A number of noble Lords, including the noble and learned Lord, Lord Hope, and the noble Viscount, Lord Hailsham, spoke about the European Parliament elections, a subject very familiar to the noble Baroness, Lady Ludford, the noble Lord, Lord Balfe, and of course myself. The Prime Minister has been clear that, should there be a further extension to Article 50 beyond 22 May, that would mean participation in the European elections. As she has said before, it is our firm belief that it would be wrong to ask the people of the United Kingdom, three years after voting to leave the EU, to then vote in the European elections.
Why do the Government think it is a particular burden to undertake European elections? Is it not a positive exercise in democracy that the Minister should welcome for a number of reasons? Will he confirm that it would in fact be possible for Peers to participate in those elections?
I think I answered the first point in my statement, but I think it is possible for Peers to participate. A number of Peers have been Members of the European Parliament, but of course they need to suspend their membership of this House while they are in the European Parliament. As we do not want it to happen, we do not need to speculate further about that.
In response to the point made by the noble Lord, Lord Newby, about amendments in the Commons, I think he spoke approvingly of some of the amendments in tonight’s House of Commons vote. I assume that he was not so approving of the one last week in which they voted decisively against a further people’s vote.
Since the Minister has just commented on the European Parliament, could he please answer the question I asked about the way that he misled the House previously and said that there was no way on the statute book by which we could carry out the European elections, which turns out to be untrue, and which has been corrected by him in a written reply of 19 March? There is no impediment other than the unwillingness of the Government to use the laws that remain in force.
As the noble Lord has correctly observed, I have answered that question in a written response to him. Anybody who is interested can read that response.

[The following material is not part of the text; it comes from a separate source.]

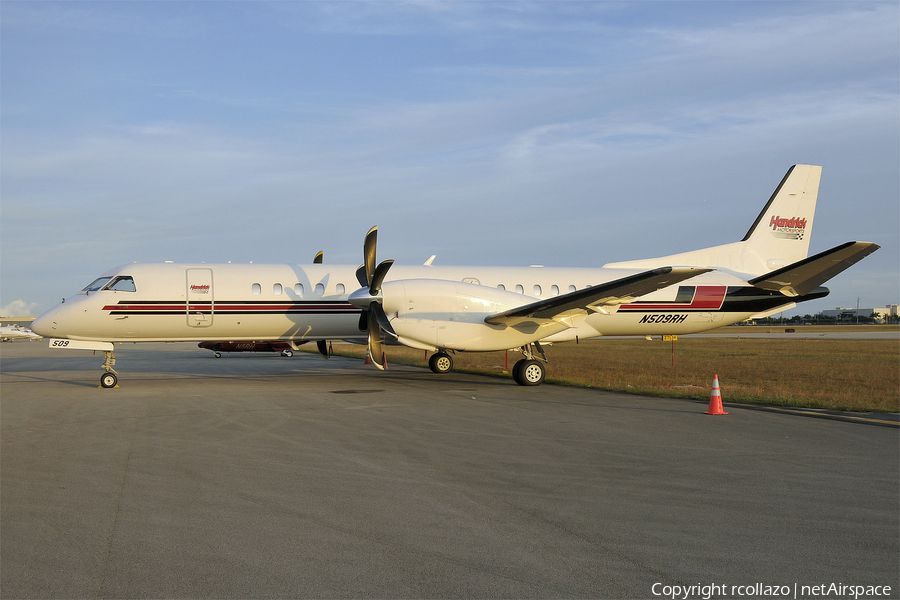 Hendrick Motorsports SAAB 2000 (N509RH) | Photo 17575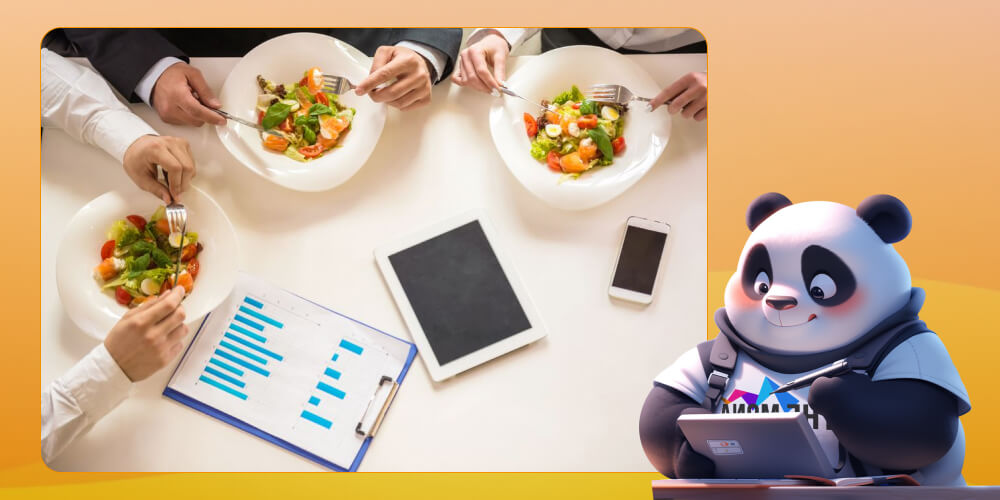 Báo cáo kinh doanh nhà hàng là gì?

In response to the second question from the noble Lord, Lord Newby, we cannot commit the Government to delivering the outcome of any vote held in the House of Commons, but the Prime Minister has been clear that we are committed to engaging constructively in the process and aiding the House. In the other place this evening, the Chancellor of the Duchy of Lancaster has confirmed that the Government will find time later in the week to facilitate the process if the amendment in the name of my right honourable friend the Member for West Dorset is in fact not approved.
I am grateful as always for the many contributions made in the debate. The Government are focused on finding a way for the other place to support the deal so that we can leave the EU in a smooth and orderly manner. As the Prime Minister set out, the negotiated deal before the other place seeks to deliver on the referendum, retain trust in our democracy and respect the concerns of those who voted to remain. If the other place supports that deal, we can end the uncertainty and the divisive debate, and move forward to a new future outside the EU. That is what the Government are committed to doing. I beg to move.